Gavin’s story is one that I think many can take inspiration from. He showed us his first YouTube video, he was in a wood, hiding. 12 months later he’s creating vlogs which are getting 300,000 views. The first step on video is difficult for many but with consistency, practice and perseverance you will improve and you will become confident on camera.
What can you learn from this?
Chris Marr spoke about the power of learning through online communities
When I set out to write this blog post I wanted to do it in a way that would help you take action on what I learned, even if you weren’t at the conference.
You can see from what I’ve written that there were some key themes coming out of the conference:
- Customer First
- Creative Content
So how might you use what I’ve written to improve your Content Marketing strategy?
Here are some ideas:
- Review all of your content – does it put your customer at the centre of it? Does it talk to their problems and things they care about?

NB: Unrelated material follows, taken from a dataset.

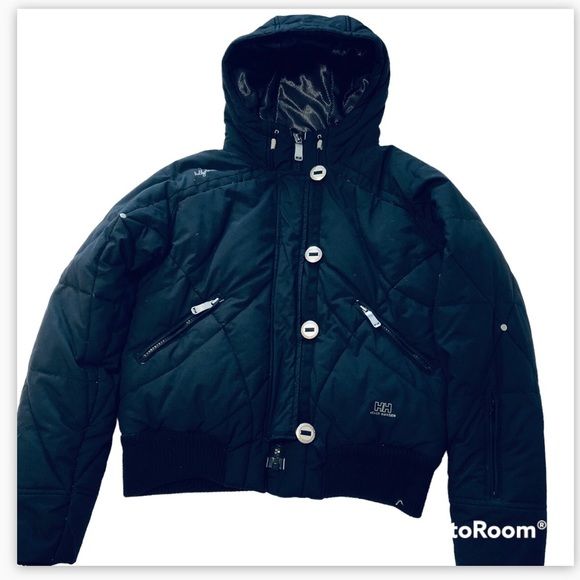 Helly Hansen Small Down Filled Bomber Ski Jacket Black Crop - Picture 2 of 15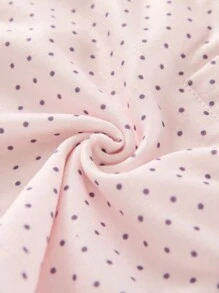 SHEIN 2pcs Baby Girls Polka Dot Animal Print Long Sleeve Top And Footed Pants Pajama Set - Pink - View 4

- Review all of your content again – does it stand out? If it doesn’t, how can you improve it? Think creatively, explore what others are doing, don’t let your content be grey.
- Think about the process a customer goes down when they do business with you. From end-to-end, is it an experience that they’ll want to shout about to other people? If not, why not?
- When you next go to create a piece of content don’t think “What should I write about?” but instead think “What does my audience need?”.
- Video. Think about using video. Whether that’s YouTube, Facebook or something easier like Instagram Stories.
Embrace the messy, as Gavin Bell said and PUSH THE DAMN BUTTON (Brian Fanzo).
Me in discussion with Paul Ince, Martin Huntbach and Lyndsay Cambridge at CMA Live 2018
There were many other great talks at CMA Live. To see a summary of each talk you can follow me on Instagram where I’m doing a daily post (June 18) to cover the key points of each session.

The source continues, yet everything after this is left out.